The final two stops for Patrae are quite a bit out of the center. The first is the Archaeological Museum of Patras, located at New National Road Patras-Athens 38. The museum is open in the summer (March through October) from 8:00 to 20:00 daily except for Tuesday, when it is closed. The rest of the year it is open from 8:30 to 15:30. Admission in the summer is 6 Euros and the rest of the year is 3 Euros.

I was a bit unprepared for what a fantastic museum this is. Patras doesn’t really feature very high on lists regarding archaeology in Greece, perhaps because it is a primarily Roman site (though that doesn’t really stop Corinth from getting the attention it does). In any case, the archaeological museum doesn’t often seem to feature in the running among the best in Greece either. This was, however, easily among the top museums I saw in Greece over the course of the summer. I wouldn’t rank them, but this one can easily pull its weight among the other top museums in the country (aside from the National Archaeological Museum in Athens, which is in a class all its own).

Mosaic depicting artistic and athletic contests. From a building at Psila Alonia and dated to the late 2nd or early 3rd century CE. Archaeological Museum of Patras.
Mosaic depicting artistic and athletic contests. From a building at Psila Alonia and dated to the late 2nd or early 3rd century CE. Archaeological Museum of Patras.

Firstly, the museum is very modern feeling in its presentation. It is largely divided up thematically, though some of the earlier pre-Roman stuff is kind of in its own area near the beginning. The mosaic collection here is stunning. There are a number of large, well preserved mosaics. Many of these are displayed on the walls, rather than the floor, allowing for a much better appreciation. An upper walkway above the main level of the museum does allow for a better view of those mosaics that are displayed on the ground, though.

Though the mosaics are certainly the highlight of the collection, it also features some great statuary and reliefs as well as various smaller artifacts. A few areas of villas, complete with flooring, as well as some larger funerary monuments have been relocated to the floor of the museum. Another highlight are the evocative skulls from Mycenean burials that preserves various flower and myrtle wreaths made of gold, gold plate, and terracotta still wrapped around the skull.

The museum took me a solid 2 and a half hours to get through. It’s large, but it isn’t jam packed like some museums. They definitely went for quality over quantity here. Nearly all the information here is in Greek and English, and in addition to the museum cards for individual artifacts, there was a lot of general information presented on panels around the museum.
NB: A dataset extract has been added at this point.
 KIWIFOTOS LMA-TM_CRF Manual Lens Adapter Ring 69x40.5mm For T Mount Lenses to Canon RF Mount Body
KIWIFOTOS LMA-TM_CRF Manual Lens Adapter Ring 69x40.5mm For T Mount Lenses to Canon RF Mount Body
The final stop for Patrae is just up the road (New National Road Patras-Athens) about a half a kilometer north of the museum. In a field on the east side of the street are the remains of a Roman bridge. The bridge was constructed in the 2nd or 3rd century CE , replacing a 1st century CE bridge, and spanned the Ameilichus (modern Milichos or Kallinaos River, which now flows 100 meters south of the bridge). This is the river noted by Pausanias at which occurred human sacrifice to Artemis Triclaria. The bridge was part of the road system between Patrae and Aigion. The bridge actually consists of two separate constructions, an earlier single arch bridge discernible by its stone arch (possibly part of the previous 1st century CE bridge), and a later double arch bridge with brick arches. Some sections of the road paving are visible on top of the bridge. Unfortunately the area is totally fenced off, but the best views of the bridge are from the small road running along the back side of the site. It appears as if the whole thing was once actually open, as there is an informational sign that would have been visible from inside, but can’t be read from outside the fence.
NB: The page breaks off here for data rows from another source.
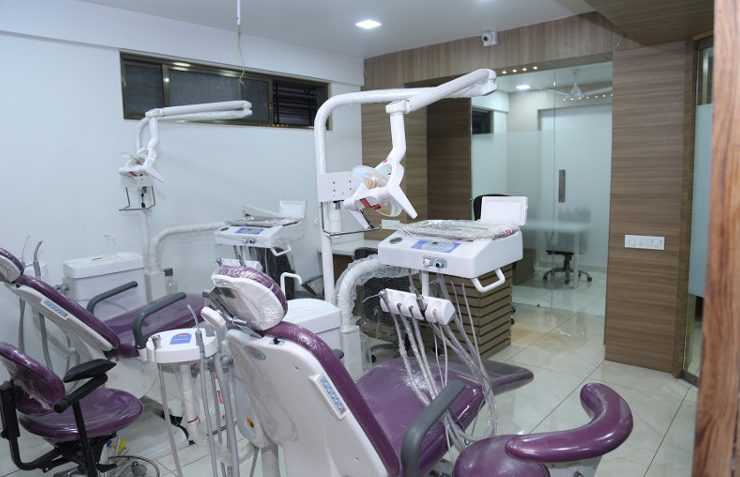 Treatment chairs in an operatory at the clinic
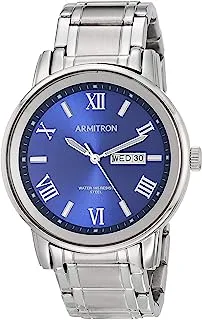 Armitron Men's 20/4935 Day/Date Function Dial Bracelet Watch, Quartz Movement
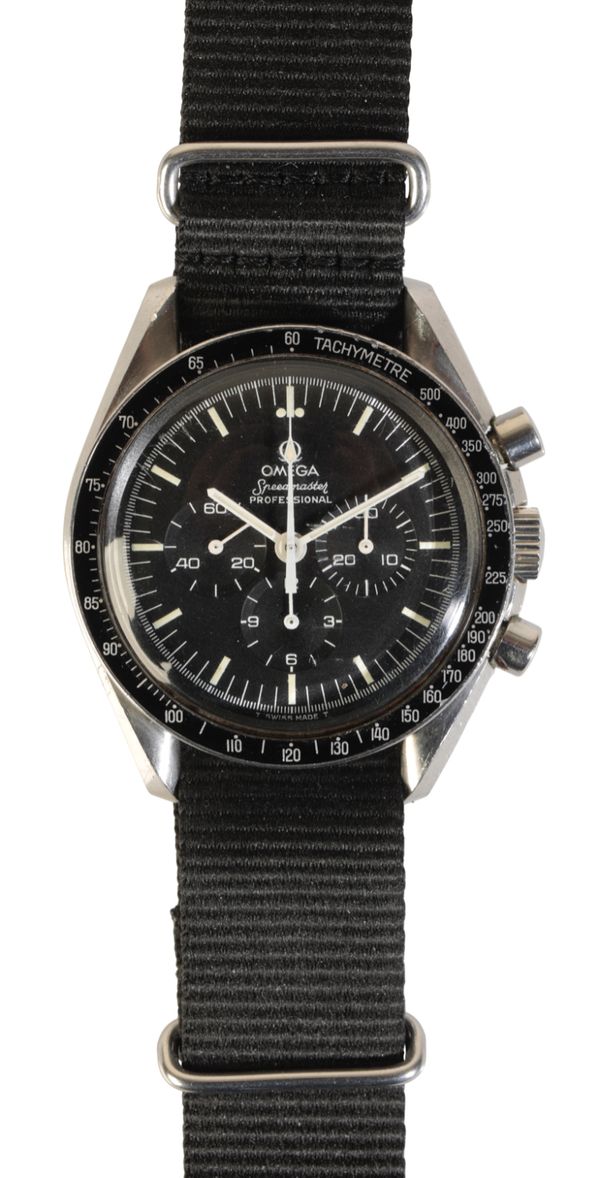 OMEGA: A SPEEDMASTER PROFESSIONAL GENTLEMAN'S STAINLESS STEEL CHRONOGRAPH WRISTWATCH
The remains of Patrae can probably be done in a single day. It actually took me a little bit more than a day (I did the aqueduct park first thing in the morning the day I left) because I walked everywhere (as I mentioned in the first post, traffic and parking in the city was a bit hectic) and the entrance sites were a bit spread out. Taking a car out to the archaeological museum and bridge, and to the aqueduct stuff would probably allow for everything to be done well within a single day.